How to protect embedded systems in OT cybersecurity
Understanding cybersecurity issues in embedded devices is a complicated, ongoing process, but it's well worth doing ... and doing right. Here are a few steps to get you started on the journey.
Many wonder where to start when securing embedded systems? Here are two pieces of information that can help guide you when understanding cybersecurity issues for embedded devices and the never-ending knowledge acquisition process:
- Reflect on what you learned yesterday, a week ago and then a month ago. First, you need to give yourself credit. Second, know that tomorrow you might restart that entire journey, but today, you clearly know more than you did yesterday.
- Be comfortable being uncomfortable. It’s not easy, especially with embedded systems we could knock offline or brick, but do not be afraid to learn, experiment with easier layers of the “art” and build up confidence. Everyone has to start somewhere.
Consider these six questions you should be asking about protecting your embedded systems.
1. How do we know about vulnerabilities in firmware we use? Is there a distribution list we can subscribe to?
Unfortunately, the answer is complicated when it comes to defining, reporting and matching products to a vulnerability disclosure (e.g., a common vulnerabilities and exposures, or CVE). Academics try to tackle the CVE to CPE (product) challenge, but for the end user, the simple straightforward answer is to follow feeds:
- Follow the CISA ICS Cert advisory page.
- Follow your country’s advisory page.
- Follow various product vendor security portal pages.
- Sign up for email distribution lists where possible for your various product vendors.
- And subscribe to experts on social media or through a service.
Pro tip: Make the Industrial Control Systems Cyber Emergency Response Team (ICS CERT) and others like it your browser’s home pages, so it comes up whenever you restart your browser of choice (e.g., Chrome or Firefox).
Assuming you have an asset inventory to cross reference, or a platform that has frequent common vulnerability scoring (CVS) updates, you should see new vulnerabilities or notices matched against the assets you own in order to track that however you wish.
2. How does an organization identify ICS devices, and automate a “live” inventory of the ICS devices to drive vulnerability management?
As mentioned above, there is a need for a comprehensive list of the assets you have deployed and in scope.
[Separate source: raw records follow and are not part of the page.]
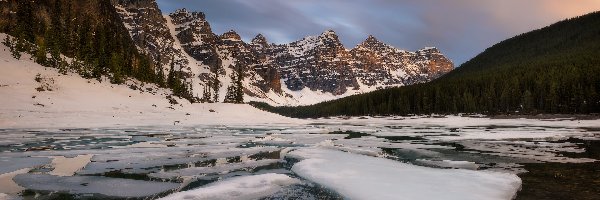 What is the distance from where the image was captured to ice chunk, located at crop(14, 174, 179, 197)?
241 inches

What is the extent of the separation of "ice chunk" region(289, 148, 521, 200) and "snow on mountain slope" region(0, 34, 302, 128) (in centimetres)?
2407

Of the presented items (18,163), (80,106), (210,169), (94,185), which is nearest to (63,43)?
(80,106)

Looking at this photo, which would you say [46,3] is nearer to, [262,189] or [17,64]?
[17,64]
This can be done in a variety of ways, including through passive detection of devices via their network presence (aka transmitted packets), examining proprietary original equipment manufacturer (OEM) files that contain information about the asset’s deployment, and polling the devices in a safe and validated fashion.
While there has been a big, industrywide focus on using passive solutions over the past several years, decision makers need to understand the limitations of passive detection before thinking these solutions will result in meaningful risk reduction.
Therefore, an organization identifies incident command system (ICS)/IACS/operational technology (OT) devices through a process that is ideally modern (and has only IP-based assets). A general time-consuming and naïve method would be:
- Collect and aggregate an understanding of the network and the assets on it (even if this is done by collecting spreadsheets).
- Revise with asset owners and limited tests (e.g., offline data, or “a single ping, please” method).
- Use OEM tools, screenshot, scrape, and validate/cross reference obtained information.
- Periodically repeat and update, and/or do it whenever assets are introduced/retired.
Seems painful, right? It is. At the end of the day, you need more than just a media access control (MAC) address, IP, and a vendor OU match to really make sense of the asset’s attributes.
The detailed information you need for understanding an embedded ICS asset is generally not present in most traffic unless specifically queried, and potentially transmitted under specific conditions (e.g., startup). Merely looking at packets as they fly by in a steady-state facility will provide little insight and be full of false positives (or missed assets hiding behind a transmission control protocol/serial gateway for example).
Could it be done on the cheap? Yes, but it’s difficult because you need to know:
- Concisely how each of those ICS devices communicates.
- The exact commands/requests to retrieve the relevant data.
- How to parse/transform the results into something usable.
- How to programmatically get the result to the consumer.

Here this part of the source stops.